Seit Herbst 2022 sind die Preise für Lebensmittel, Strom und Gas um über 20% gestiegen. Für die meisten von uns bedeutet dies, jetzt schon Abstriche machen zu müssen – Ausgaben und Einkäufe doppelt zu überdenken, Rechnungen zu schieben, Rücklagen aufzubrauchen, den Urlaub zu canceln, den Ausflug mit den Kindern oder das gemeinsame Essen mit Freunden. Für manche von uns bedeutet es jetzt schon Schlange stehen vor den Tafeln, nicht mehr Bus oder Bahn fahren zu können oder die Wohnungsmiete inklusive der unverschämten Nebenkostensteigerungen privater Wohnungsanbieter wie Vonovia gar nicht mehr bezahlen zu können. 

Er platzt, der Traum von Freiheit, Sicherheit und Wohlstand für alle… 

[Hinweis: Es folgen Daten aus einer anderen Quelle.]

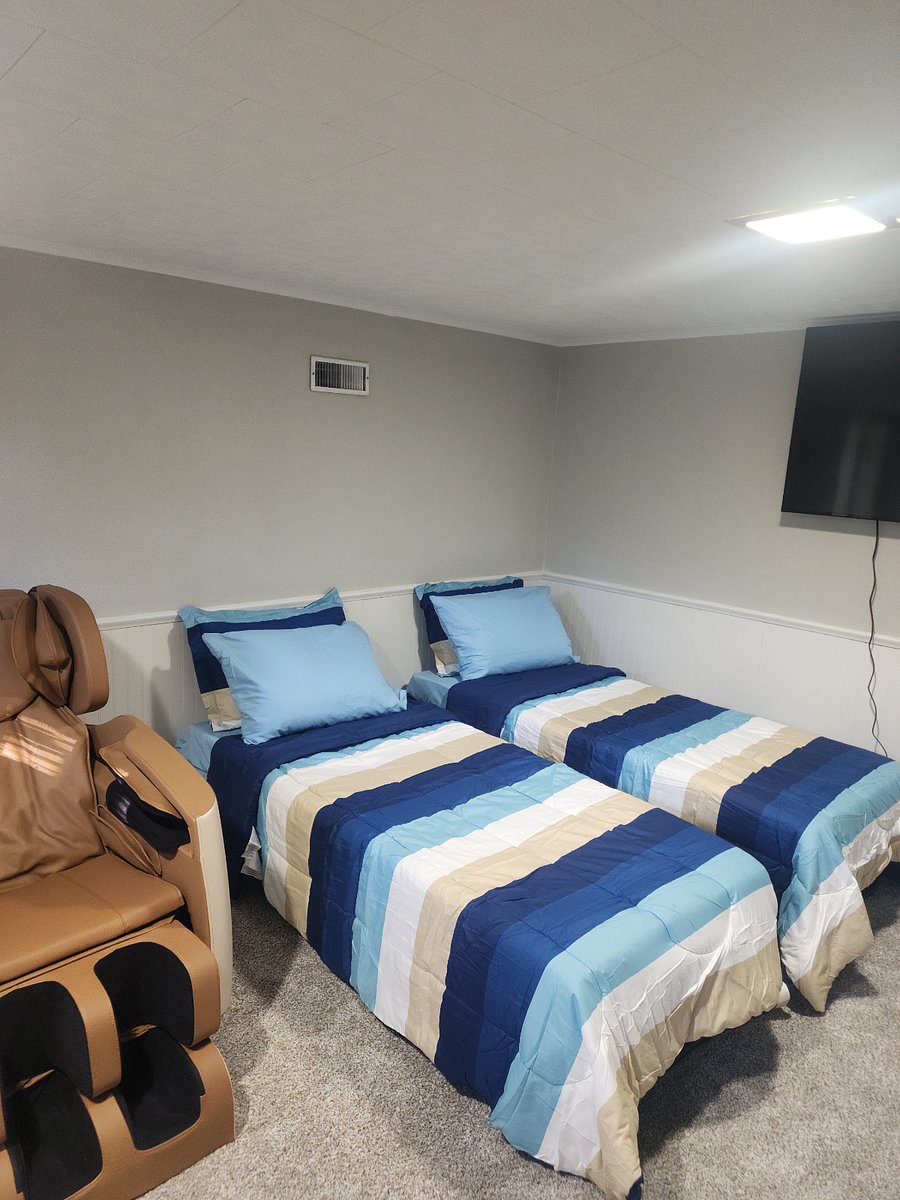 Upon request, the multi-purpose room in the basement can be set up as a third bedroom with two roll-away beds or a queen bed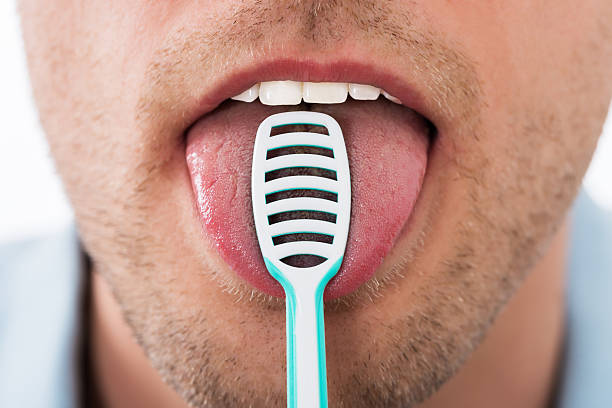 istock Man Cleaning Her Tongue 618523192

Während unsere Einkommensentwicklung seit Jahrzehnten nahezu stagniert, steigen in allen Branchen die Belastungen. Der hart erkämpfte 8 Stunden Tag ist für die meisten heute schon Geschichte: Sei es im Gesundheits- und Sozialwesen, in Verwaltung, Transport oder bei der Post. Arbeitsaufgaben und Verantwortlichkeiten werden ausgeweitet, Grenzen zwischen Privat- und Berufsleben zerfließen nicht erst seit Homeoffice-Zeiten immer mehr. Alles ist der Logik des Profits unterworfen. Der Personalabbau und die Umstrukturierungen haben in vielen Betrieben dazu geführt, dass die gleiche Arbeit von immer weniger Personen in immer kürzerer Zeit getan werden muss. Immer verfügbar sein, flexibel und am besten motiviert und umsonst ist das Credo. Bereits jetzt sind 30% aller Beschäftigungsverhältnisse im Niedriglohnsektor angesiedelt. Jede*r fünfte Vollzeitangestellte muss mit weniger als 1600 Euro netto im Monat auskommen – und das bei immer weiter steigenden Mieten und Versorgungspreisen. Und neben den üblichen Durchhalteparolen rufen Politik und Wirtschaftsverbände bereits jetzt nach weiteren Arbeitszeiterhöhungen oder der Rente erst mit 70. Die Folgen dieser nach Profit ausgerichteten Wirtschaftsstruktur sind „Arbeitsverdichtung“ bzw. Burn Out als Massenperspektive auf der einen und sozialer Abstieg und die Verarmung immer größerer Bevölkerungsanteile auf der anderen Seite. 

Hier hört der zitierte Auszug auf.